Task prompt:
Copy, exactly and without additions, every line in the records below from the one holding "1945 mit 31" through the one holding "Sarah Thompson - Founder & Creative Director", both ends included.

Short web captions:
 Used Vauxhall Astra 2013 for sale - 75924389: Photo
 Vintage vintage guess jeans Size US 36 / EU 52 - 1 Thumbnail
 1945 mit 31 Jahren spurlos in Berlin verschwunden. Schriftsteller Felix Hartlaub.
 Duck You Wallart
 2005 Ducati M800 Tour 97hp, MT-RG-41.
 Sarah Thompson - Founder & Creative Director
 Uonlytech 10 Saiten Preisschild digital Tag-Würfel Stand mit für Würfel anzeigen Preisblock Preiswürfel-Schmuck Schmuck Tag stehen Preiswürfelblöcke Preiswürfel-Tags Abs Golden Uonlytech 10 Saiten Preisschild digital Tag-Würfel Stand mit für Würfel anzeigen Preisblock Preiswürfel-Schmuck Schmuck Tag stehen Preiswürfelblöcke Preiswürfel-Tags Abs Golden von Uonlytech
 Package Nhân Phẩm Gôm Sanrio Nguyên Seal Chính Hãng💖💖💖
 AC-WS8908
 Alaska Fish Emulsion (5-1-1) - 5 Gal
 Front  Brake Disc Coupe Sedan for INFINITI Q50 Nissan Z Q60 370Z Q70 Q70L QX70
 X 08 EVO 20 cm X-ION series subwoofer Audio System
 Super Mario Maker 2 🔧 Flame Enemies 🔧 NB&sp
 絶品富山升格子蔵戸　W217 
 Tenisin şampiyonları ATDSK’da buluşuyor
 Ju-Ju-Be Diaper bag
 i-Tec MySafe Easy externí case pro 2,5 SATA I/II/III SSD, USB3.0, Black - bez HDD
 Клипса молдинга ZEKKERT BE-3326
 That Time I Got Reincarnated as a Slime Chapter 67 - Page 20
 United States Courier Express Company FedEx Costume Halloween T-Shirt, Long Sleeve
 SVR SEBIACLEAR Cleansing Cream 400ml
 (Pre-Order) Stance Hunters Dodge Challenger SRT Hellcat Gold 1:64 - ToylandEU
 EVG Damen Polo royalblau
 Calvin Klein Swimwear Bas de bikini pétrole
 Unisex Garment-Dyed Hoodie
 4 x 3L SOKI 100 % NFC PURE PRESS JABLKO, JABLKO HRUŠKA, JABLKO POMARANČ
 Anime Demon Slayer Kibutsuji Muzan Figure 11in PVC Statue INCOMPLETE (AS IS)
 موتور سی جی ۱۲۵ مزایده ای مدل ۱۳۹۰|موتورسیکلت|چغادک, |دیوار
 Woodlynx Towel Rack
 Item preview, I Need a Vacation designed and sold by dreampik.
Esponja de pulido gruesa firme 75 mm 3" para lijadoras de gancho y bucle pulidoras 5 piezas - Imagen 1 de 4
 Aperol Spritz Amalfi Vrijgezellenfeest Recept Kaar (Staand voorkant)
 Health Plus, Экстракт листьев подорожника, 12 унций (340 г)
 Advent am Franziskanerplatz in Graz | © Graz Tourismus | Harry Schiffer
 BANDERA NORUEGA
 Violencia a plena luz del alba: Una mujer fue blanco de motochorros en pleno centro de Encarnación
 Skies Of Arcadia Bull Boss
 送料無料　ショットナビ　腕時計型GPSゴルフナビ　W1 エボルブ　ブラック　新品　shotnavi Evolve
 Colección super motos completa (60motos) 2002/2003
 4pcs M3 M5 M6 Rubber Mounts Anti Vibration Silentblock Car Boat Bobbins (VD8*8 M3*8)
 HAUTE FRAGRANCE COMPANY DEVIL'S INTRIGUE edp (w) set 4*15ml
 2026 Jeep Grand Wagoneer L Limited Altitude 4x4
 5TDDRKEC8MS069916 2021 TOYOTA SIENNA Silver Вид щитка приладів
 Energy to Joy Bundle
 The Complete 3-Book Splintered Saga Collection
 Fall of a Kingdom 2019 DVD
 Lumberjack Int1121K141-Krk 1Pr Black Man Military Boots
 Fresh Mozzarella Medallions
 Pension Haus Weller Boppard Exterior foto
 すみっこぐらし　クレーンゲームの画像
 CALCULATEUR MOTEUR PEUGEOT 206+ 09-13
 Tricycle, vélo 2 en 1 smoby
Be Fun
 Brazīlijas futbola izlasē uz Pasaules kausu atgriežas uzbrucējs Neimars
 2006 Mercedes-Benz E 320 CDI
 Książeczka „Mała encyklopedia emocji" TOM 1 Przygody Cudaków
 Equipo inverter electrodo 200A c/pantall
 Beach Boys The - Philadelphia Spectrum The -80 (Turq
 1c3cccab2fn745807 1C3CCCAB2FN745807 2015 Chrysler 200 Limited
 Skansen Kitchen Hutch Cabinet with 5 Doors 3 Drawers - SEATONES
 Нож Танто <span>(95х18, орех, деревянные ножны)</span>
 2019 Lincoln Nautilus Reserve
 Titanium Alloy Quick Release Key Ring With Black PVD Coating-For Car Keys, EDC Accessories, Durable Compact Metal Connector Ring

Solution to this task:
 1945 mit 31 Jahren spurlos in Berlin verschwunden. Schriftsteller Felix Hartlaub.
 Duck You Wallart
 2005 Ducati M800 Tour 97hp, MT-RG-41.
 Sarah Thompson - Founder & Creative Director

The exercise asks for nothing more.